When that army wins (or did win), that army we’re accustomed to calling “Rebel Forces”, that is, will the Jawas and ‘Sand’ people then continue to be marginalized and treated as racial outliers? Will the Hutts continue to be castigated in their role as greasy Mafioso? It’s an odd coincidence that the native population of Tatooine would consistently be described in the most inhuman and racist terms. Greedy, beady-eyed and cheap Jawas peddling stolen goods? Really? ‘Sand’ people who love violence and who make their inhuman calls and who wander with their dirty flock of Banthas? Greasy, disgusting Hutt, ready to rig any casino and pay off any official? This is familiar language.

It’s a shame, we are told within the narrative of Star Wars, that these all have to be sacrificed, to ensure the survival of a few noble and civilized settlers. Do we ever suspect that the story we’ve been told about all of these groups isn’t skewed and exaggerated? The anonymous “Empire” destroyed Alderaan. That could very well be the conspiratorial version. We simply “know” that it was done with malevolence.

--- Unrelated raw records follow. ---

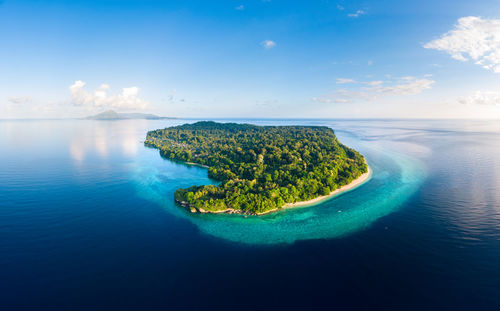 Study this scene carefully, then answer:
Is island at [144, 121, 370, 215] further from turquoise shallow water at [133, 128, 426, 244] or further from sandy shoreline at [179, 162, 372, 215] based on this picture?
turquoise shallow water at [133, 128, 426, 244]

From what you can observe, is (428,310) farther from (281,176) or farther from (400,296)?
(281,176)

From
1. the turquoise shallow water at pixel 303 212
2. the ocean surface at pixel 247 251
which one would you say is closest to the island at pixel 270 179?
the turquoise shallow water at pixel 303 212

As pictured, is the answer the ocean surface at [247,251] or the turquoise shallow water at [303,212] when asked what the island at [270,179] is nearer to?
the turquoise shallow water at [303,212]

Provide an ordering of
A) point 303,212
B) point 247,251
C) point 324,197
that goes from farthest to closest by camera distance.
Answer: point 324,197 → point 303,212 → point 247,251

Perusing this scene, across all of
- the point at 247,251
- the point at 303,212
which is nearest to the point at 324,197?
the point at 303,212

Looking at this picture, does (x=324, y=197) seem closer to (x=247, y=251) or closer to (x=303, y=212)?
(x=303, y=212)
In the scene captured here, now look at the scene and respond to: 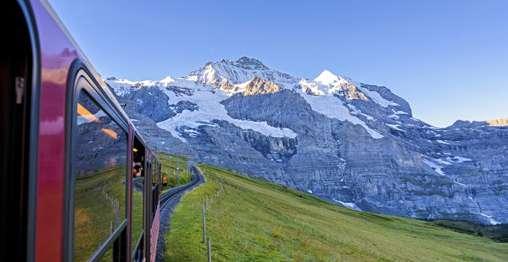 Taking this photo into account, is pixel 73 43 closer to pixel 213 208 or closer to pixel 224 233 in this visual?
pixel 224 233

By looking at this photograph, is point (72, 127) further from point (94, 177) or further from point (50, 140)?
point (94, 177)

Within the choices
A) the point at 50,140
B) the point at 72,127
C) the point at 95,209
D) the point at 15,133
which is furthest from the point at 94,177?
the point at 15,133

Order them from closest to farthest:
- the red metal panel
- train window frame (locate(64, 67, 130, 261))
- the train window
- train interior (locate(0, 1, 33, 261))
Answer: train interior (locate(0, 1, 33, 261)) → the red metal panel → train window frame (locate(64, 67, 130, 261)) → the train window

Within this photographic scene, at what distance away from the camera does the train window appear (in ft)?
11.1

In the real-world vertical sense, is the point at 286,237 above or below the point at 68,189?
below

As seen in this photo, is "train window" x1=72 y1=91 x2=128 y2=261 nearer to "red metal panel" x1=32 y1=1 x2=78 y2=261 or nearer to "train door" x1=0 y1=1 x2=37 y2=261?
"red metal panel" x1=32 y1=1 x2=78 y2=261

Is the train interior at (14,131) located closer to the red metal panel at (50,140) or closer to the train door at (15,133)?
the train door at (15,133)

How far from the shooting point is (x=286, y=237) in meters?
34.7

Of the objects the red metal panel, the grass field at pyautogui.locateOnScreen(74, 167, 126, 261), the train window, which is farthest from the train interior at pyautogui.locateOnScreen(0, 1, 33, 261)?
the grass field at pyautogui.locateOnScreen(74, 167, 126, 261)

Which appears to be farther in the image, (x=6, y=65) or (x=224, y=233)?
(x=224, y=233)

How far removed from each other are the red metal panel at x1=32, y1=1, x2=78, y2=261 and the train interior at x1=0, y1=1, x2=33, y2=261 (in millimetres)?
160

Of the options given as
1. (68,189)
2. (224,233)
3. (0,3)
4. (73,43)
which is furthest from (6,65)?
(224,233)

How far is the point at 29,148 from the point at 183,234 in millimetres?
23711

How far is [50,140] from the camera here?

But, hang on a moment! Wasn’t it the Empire that made it possible to be a white — er, “human” — settler on hostile Tatooine? We don’t know that it happened, but it’s not implausible that the Empire cleared away the racial “impurities” and gave away parcels of land (and little else) to any poor taker. Neither is it such a stretch to imagine that it later became more trouble, politically, and more costly than the armies were worth after so many generations. The settlers, many of whom may very well have been pointedly racist fundamentalists of The Force cult, wanted more protection from the non-settler communities than the Empire was willing to give. And, too, wouldn’t organized crime in the urban centers like Mos Eisley pay off officials of the Empire? Wouldn’t government agents begin protecting their own interests by privatizing services and selling public interests to the highest bidder?

In this view, the entire revelation-from-above, robotic saga of Star Wars reads like little more than some self-serving and self-pitying propaganda from a group of people who’ve long ago convinced themselves that their tiny piece of backwater was given to them by the gods; that the land is theirs to exploit in whatever manner they see fit; that it is their right and privilege to seek domination. Maybe they’ll ultimately convince themselves and their children, against all facts to the contrary, that a Genuine Royal Princess and her army of Rebel Forces fought for their special place in the kingdom!

We get just a small taste of some very important truths throughout Star Wars if we pay attention to the details. One such truth is that more than two sides — more “forces” exist — than those asserted by a self-interested story teller, between “The Force” and “The Dark Side”. Another is that the Faithful, the self-identified upstanding, the law-abiding and patriotic are never quite as critical of their own glorious histories and their own doctrines and “regrettable” deeds as they are of literally anyone who dares stand in their way or even just sullies their glorious history. Breaking through the elaborate, hodgepodge narratives that inform, then attempt to prove, in circular fashion, everything they think they know about the world is a task which might seem nearly impossible. Those convinced of their own majesty and grandeur are not easily convinced otherwise.